Bu şahısların şimdiye kadar üniversitelerde, basında, seminerlerde ileri sürdükleri fikirler, yazı ve makaleler, muhtelif bildiriler, kanunsuz her eylemi ilmi seviyeden ve bir de Anayasayı paravan kabul ederek eylemleri teşvik ve tahrik edici tutumları yukarda gerekçesi açıklanan kararın alınmasına başlıca amil olmuştur.
Şu kadarki İstanbul MİT Bölge Başkanlığı şemaya bağladığı bu isim listesindeki şahısların T.C.K. nun 146 ncı ve 141 inci maddelerine giren filleri hakkında bir delil veya dosya veyahut ideolojilerini gösterir kronolojik bir belge vermiş değildir. Dosya, fiş veya belgelerinin MİT Müsteşarlığında bulunması gereklidir.
Bir kısmı 18 Mayıs 1971 tarihinden itibaren kendiliğinden teslim olmaya başlayan bir kısmı da yakalanan veya aranmakta olan şahısların tecrimine yetecek delillerin ideolojilerini yansıtan makale, yazı, bildiri ve diğer eylemlerinin birer dosya halinde hazırlanıp 15 Haziran 1971 tarihinden önce gönderilmesine emirlerini arz ederim.”

ÖNEMLİ GÖREVLERE GELDİLER
Sıkıyönetim Komutanlığı’nın bu yazısının ekinde bulunan listedeki bazı isimlere gelince...
“Kemal Burkay, Tahsin Ekinci, Mendi Zana, Kemal Türkler, Yaşar Kemal, Mahir Çayan, Yusuf Küpeli, Ertuğrul Kürkçü, Mihri Belli, Doğu Perinçek, Doğan Avcıoğlu, İlhami Soysal, Uluç Gürkan, Uğur Mumcu, Muammer Aksoy, Mümtaz Soysal, Tarık Zafer Tunaya ve daha birçokları...

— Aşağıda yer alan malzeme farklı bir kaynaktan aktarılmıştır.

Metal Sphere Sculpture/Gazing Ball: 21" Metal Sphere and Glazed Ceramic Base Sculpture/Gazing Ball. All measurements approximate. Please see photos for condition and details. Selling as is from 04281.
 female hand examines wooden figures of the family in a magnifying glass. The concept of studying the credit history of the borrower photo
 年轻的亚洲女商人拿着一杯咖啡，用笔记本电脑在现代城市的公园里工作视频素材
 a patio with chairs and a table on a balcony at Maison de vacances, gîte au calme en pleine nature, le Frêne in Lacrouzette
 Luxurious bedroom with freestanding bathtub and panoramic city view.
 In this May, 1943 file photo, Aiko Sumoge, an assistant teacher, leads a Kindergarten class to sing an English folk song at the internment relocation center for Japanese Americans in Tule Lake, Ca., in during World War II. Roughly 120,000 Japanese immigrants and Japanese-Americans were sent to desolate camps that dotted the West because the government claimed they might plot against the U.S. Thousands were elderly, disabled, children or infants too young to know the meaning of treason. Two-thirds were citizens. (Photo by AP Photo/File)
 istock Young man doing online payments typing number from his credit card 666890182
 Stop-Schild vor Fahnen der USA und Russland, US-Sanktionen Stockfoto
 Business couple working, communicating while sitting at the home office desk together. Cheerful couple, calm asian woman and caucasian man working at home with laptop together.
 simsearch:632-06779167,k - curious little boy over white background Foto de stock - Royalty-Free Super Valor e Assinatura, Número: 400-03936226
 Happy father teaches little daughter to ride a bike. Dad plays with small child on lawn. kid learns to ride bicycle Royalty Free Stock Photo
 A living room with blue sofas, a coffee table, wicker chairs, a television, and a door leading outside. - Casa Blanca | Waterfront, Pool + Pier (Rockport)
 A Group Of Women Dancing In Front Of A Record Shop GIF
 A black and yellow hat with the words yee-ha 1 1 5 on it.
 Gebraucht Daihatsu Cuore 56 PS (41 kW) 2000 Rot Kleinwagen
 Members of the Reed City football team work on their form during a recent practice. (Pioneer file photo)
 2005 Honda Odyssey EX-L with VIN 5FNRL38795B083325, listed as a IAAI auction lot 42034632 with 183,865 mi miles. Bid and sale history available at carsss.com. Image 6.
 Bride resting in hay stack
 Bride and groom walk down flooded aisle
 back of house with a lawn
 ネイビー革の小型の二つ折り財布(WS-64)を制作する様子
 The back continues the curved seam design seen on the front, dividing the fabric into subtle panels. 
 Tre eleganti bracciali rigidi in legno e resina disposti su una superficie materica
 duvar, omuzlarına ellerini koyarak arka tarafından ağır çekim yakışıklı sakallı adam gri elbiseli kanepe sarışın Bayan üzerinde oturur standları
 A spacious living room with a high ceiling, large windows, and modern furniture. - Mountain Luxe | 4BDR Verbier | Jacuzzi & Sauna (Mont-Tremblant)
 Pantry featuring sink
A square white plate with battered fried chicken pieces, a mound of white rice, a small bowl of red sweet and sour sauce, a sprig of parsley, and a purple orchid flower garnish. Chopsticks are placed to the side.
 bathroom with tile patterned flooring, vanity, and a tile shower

Gerek Sadi Koçaş’ın gerekse Faik Türün’ün yazısının ekindeki isimler özellikle 12 Eylül 1980 darbesinden sonra çok önemli görevler üstlendiler. Turgut Özal bilindiği gibi önce Başbakan, daha sonra Cumhurbaşkanı oldu. Korkut Özal Al Baraka Türk, Salih Özcan ise Faisal Finans Kurumu olarak faaliyet gösteren İslami Bankacılığın kurucuları oldular.
Mehmet Şevket Eygi ise halen Milli Gazete’de köşe yazarlığı yapıyor. Diğer birçoğu ise 12 Mart sonrası yine siyasal ve sosyal hayatımızın önemli aktörleri olarak yaşamaya devam ediyorlar.
Hal böyle olunca ister istemez insanın aklına şu geliyor. Ya devlet 12 Mart’tan önce kendi oluşturduğu ve içini yine kendi doldurduğu suni tehdit algılamalarını 12 Eylül 1980’de yeni şekillenen dünya düzenine göre değiştirdi ve doku değişikliğine gitti; ya da devlet 12 Mart 1971 sonrası belki de haksız yere takibata uğrayan kişilerin durumunu 12 Eylül 1980 darbesi ile düzeltti. Peki, ya 12 Eylül darbesinde haksız yere takibata uğrayıp, durumu bozulanlar?